# [Your goal]
If pictures appear among the lines below, leave them out while you return exactly the lines from the one with "Holiday home Maison L'Eucalyptus Chauzon" through the one with "Sliver Hivelord from Magic 2015 (M15)".

# [Data]
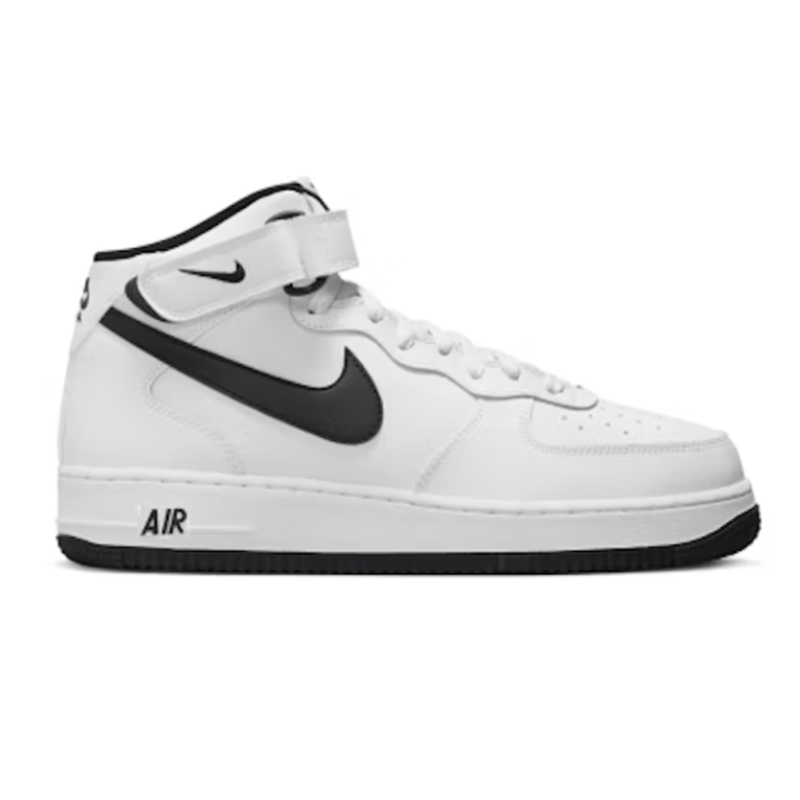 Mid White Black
* * *
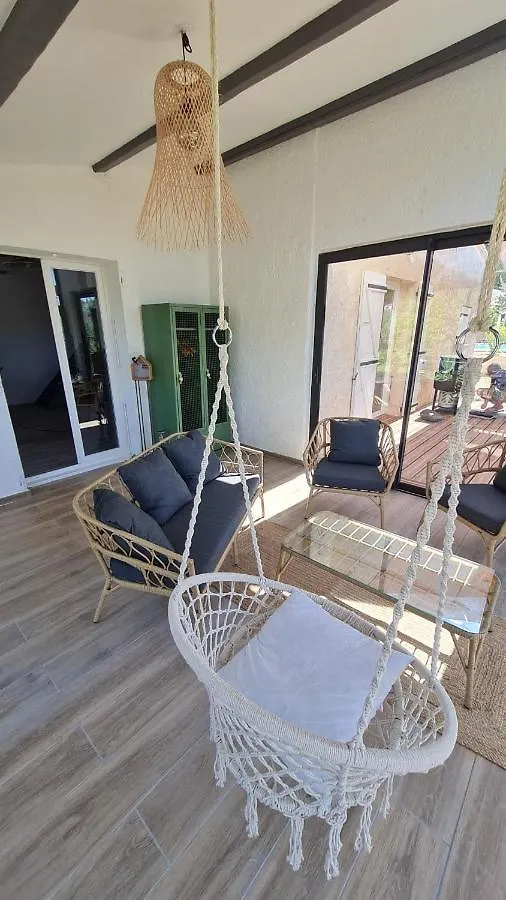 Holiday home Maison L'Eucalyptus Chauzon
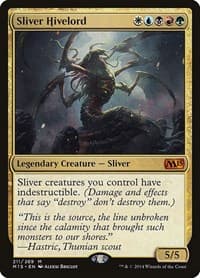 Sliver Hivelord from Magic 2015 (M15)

# [Answer section]
 Holiday home Maison L'Eucalyptus Chauzon
 Sliver Hivelord from Magic 2015 (M15)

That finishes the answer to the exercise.